Atardece en el Museo de la Evolución Humana, en cuyos ventanales se reflejan las puntiagudas agujas de la catedral gótica. Aquí el viajero constata que la Sierra de Atapuerca, pese a ser muy conocida, es desconocida por completo. Sí. Este museo es único en el mundo porque tiene restos fósiles de todas las especies humanas de Europa, memoria viva de lo que fue y puede ser la nuestra; también porque ayuda a conocer lo que el viajero no puede visitar en la sierra de Atapuerca. Aquí se percibe lo invisible en el paisaje a primera vista.
La belleza de la sierra despierta la imaginación de tal modo que jamás se olvida. Si el viajero se deja, la Sierra colma. El pasado mítico y la situación en el mapa junto al camino de Santiago se traduce en algo irreal, a lo que algunos cronistas han puesto el título de mágico. Pero el término no hace justicia a la emoción que provoca recorrerlos ni a las sensaciones de autenticidad que despierta.
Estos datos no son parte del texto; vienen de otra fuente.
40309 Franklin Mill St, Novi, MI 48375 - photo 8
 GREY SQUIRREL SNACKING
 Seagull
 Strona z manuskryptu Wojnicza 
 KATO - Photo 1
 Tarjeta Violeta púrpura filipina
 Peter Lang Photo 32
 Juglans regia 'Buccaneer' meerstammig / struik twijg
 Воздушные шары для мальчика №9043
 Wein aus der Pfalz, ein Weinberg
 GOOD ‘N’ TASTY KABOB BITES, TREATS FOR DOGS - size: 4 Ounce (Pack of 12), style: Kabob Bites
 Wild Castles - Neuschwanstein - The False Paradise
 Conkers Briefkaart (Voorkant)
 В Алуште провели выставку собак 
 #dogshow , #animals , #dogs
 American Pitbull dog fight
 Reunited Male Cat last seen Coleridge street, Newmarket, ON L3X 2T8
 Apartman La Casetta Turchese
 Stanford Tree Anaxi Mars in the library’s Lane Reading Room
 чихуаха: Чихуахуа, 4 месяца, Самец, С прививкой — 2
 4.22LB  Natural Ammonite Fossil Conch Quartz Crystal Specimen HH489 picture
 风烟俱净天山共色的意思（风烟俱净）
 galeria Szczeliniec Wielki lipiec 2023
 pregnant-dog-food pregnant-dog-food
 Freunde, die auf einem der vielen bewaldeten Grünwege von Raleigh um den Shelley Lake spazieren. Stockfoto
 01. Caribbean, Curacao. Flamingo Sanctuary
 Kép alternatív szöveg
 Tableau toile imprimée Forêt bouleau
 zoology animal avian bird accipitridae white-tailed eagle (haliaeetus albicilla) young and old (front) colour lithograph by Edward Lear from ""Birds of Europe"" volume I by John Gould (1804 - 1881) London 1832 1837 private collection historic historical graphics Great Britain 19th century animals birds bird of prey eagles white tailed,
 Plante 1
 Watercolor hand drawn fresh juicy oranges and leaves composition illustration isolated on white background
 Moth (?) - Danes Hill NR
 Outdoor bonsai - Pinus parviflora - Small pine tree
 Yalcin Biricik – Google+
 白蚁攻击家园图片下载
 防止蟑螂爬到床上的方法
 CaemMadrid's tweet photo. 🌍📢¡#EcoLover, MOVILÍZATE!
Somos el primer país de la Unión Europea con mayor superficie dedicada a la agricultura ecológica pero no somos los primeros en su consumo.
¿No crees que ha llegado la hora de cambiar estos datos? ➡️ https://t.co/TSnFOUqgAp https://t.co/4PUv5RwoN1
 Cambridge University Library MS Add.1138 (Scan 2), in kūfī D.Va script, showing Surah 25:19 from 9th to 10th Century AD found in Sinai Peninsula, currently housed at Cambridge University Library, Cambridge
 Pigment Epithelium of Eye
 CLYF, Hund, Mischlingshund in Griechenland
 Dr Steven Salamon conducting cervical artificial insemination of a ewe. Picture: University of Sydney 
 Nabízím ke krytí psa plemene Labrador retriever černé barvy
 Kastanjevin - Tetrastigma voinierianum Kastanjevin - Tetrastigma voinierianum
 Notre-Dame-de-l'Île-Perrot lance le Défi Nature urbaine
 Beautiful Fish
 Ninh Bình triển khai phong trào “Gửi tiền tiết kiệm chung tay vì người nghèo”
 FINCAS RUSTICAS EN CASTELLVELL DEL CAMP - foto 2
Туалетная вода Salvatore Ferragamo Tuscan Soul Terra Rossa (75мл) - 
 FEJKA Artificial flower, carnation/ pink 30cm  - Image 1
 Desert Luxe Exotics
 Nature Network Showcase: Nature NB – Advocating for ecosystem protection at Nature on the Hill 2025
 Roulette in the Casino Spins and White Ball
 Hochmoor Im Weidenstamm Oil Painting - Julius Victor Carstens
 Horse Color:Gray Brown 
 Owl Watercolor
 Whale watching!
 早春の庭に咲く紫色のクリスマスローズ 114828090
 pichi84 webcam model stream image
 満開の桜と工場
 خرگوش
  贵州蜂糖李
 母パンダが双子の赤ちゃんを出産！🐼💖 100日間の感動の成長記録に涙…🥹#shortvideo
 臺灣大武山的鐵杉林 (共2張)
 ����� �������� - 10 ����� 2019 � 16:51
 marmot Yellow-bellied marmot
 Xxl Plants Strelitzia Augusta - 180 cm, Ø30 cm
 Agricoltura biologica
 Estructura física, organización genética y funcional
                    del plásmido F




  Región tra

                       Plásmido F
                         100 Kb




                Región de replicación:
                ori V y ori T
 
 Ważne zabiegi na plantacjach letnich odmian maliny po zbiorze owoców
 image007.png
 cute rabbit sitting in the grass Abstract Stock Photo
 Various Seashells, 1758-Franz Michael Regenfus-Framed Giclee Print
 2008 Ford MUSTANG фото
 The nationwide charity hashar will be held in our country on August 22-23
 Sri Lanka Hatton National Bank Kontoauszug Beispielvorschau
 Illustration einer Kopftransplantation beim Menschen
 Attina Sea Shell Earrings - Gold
Una prueba: muchos artistas han hecho de pueblos como Atapuerca, Ibeas de Juarros, Olmos de Atapuerca, Ajes… su hogar y centro de inspiración. La música de raíz penetra el trabajo de músicos como Diego Galaz, quien recrea sonidos ancestrales con instrumentos como un serrucho, fruto de su imaginación; también los colores primarios sostienen la obra de pintoras como Amelia García, que desde Olmos de Atapuerca pinta mares, tal vez abducida por el imaginario inconsciente de este lugar.
La emoción salta en puntos como la parada de peregrinos de San Juan de Ortega, La Casita o en Arlanzón, donde el viajero disfruta de comida tradicional solo si reserva en restaurantes como Comesapiens, situado en el pueblo de Atapuerca, o Los Claveles, mítico restaurante cuyos platos tradicionales, como las alubias rojas con guindilla y los platos reinterpretados de lo tradicional son —de verdad— imposibles de olvidar.
La singularidad de lo que hay aquí se concreta en fiestas como la que se celebra el día de San Juan con fogatas en casi cada pueblo, fuegos artificiales en Arlanzón o la propia batalla de Atapuerca que, ya en agosto, empuja al viajero al pretérito con los protagonistas de la celebración vestidos de caballeros. En los pueblos de la Sierra de Atapuerca, bailar con la música de las orquestas tradicionales o de raíz cada noche en un pueblo, degustar la comida popular más sencilla y observar las estrellas en el cielo impoluto son el último colofón seguro de cada día con el que se logra fundir con lo ancestral que envuelve este lugar.
Es ahí, bajo las estrellas, cuando el viajero recuerda lo fácil que podría ser vivir, que lo esencial es pequeño y, como expresó Saint-Exupéry: “Invisible a los ojos”.